3. How is GO Center training material different from that of others? Our training material isn’t hugely different from that of others who are working in the field of revitalization. All of us who are called to do this are called for the same reason, believe in the same Bible, have the same concern for the church and end up focusing on Great Commission ministry. In that sense, one is about the same as the other. The issue is not over the choice of revitalization approaches but over the choice to revitalize or not. If you do nothing you will not revitalize. If you are committed to revitalization, pick one of the credible approaches available to you and go all in. We are not into trying to compete with our colleagues. The need for revitalization is so great that many more of us are needed. One thing I will say is that our approach is truly a training approach that takes the theology and philosophy of revitalization into actual practice.

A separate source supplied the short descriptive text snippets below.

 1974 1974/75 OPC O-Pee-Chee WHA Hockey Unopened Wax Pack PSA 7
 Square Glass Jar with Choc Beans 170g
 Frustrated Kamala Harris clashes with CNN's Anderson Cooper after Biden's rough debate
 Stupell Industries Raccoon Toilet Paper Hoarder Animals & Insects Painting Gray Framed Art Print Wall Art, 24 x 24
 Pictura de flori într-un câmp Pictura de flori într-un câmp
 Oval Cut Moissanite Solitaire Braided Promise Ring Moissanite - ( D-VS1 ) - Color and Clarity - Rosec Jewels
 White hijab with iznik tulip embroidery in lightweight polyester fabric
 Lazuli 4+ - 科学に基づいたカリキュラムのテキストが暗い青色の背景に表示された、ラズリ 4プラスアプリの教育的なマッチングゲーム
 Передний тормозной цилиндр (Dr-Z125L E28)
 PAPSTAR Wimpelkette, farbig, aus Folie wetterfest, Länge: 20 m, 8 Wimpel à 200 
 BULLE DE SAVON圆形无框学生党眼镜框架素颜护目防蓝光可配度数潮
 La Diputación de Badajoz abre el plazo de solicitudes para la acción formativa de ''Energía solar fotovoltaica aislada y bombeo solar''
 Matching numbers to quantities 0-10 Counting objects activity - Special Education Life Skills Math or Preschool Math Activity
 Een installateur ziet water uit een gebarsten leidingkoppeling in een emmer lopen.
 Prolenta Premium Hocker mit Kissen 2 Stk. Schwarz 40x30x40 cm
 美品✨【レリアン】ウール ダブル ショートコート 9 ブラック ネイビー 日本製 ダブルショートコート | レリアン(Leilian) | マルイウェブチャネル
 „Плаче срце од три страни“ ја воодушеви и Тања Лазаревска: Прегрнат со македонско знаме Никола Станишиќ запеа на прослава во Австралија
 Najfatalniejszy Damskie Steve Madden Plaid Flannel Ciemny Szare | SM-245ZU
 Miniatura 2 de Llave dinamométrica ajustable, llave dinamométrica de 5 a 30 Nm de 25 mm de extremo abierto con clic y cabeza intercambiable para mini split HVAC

4. How often should a church go through a renewal or revitalization process? Once revitalized, church leaders should keep constant tabs on how ministry is working through routine assessment, evaluation and adjustment. When this is done often, at least yearly, minor adjustments can be made to keep a church moving on the track of positive health, growth and multiplication. A formal revitalization should be conducted every three to four years, but, again, if continuous monitoring has been in place, only minor adjustments will be needed. The rule of thumb is to make subtle changes sooner because you choose to rather than having to make major changes later because you have to.
5. Since the word “revitalization” is offensive to some pastors and leaders, wouldn’t another title or word choice be better, something more positive? Churches in long-term plateau or decline need to revitalize and one of the first steps in that direction is for pastors and leaders to recognize and admit that they need to revitalize. Soft peddling this effort with more sensitive or more positive nomenclature can cloud the issue. For that reason, the word “revitalization” is placed front and center. Failing to do so would be similar to padding the need of an alcoholic by changing the name of Alcoholics Anonymous to something such as the Making Good Beverage Choices Club. (OK – fine – this answer is a bit over the top but you get the idea.)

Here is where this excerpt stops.